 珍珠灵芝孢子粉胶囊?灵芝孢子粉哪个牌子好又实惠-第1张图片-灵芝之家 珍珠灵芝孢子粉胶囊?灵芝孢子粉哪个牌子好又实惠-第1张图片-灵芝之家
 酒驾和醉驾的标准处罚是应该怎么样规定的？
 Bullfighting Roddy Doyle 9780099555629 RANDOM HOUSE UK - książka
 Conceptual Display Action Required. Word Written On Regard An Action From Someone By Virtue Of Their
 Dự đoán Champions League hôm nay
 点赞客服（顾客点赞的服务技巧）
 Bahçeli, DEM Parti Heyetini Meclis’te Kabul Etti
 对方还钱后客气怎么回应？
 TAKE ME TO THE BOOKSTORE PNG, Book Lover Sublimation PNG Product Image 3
**********
* ABOUT THIS EXERCISE
Each of the records should be written out precisely as given.

* SOLUTION TO THE PROBLEM
 珍珠灵芝孢子粉胶囊?灵芝孢子粉哪个牌子好又实惠-第1张图片-灵芝之家 珍珠灵芝孢子粉胶囊?灵芝孢子粉哪个牌子好又实惠-第1张图片-灵芝之家
 酒驾和醉驾的标准处罚是应该怎么样规定的？
 Bullfighting Roddy Doyle 9780099555629 RANDOM HOUSE UK - książka
 Conceptual Display Action Required. Word Written On Regard An Action From Someone By Virtue Of Their
 Dự đoán Champions League hôm nay
 点赞客服（顾客点赞的服务技巧）
 Bahçeli, DEM Parti Heyetini Meclis’te Kabul Etti
 对方还钱后客气怎么回应？
 TAKE ME TO THE BOOKSTORE PNG, Book Lover Sublimation PNG Product Image 3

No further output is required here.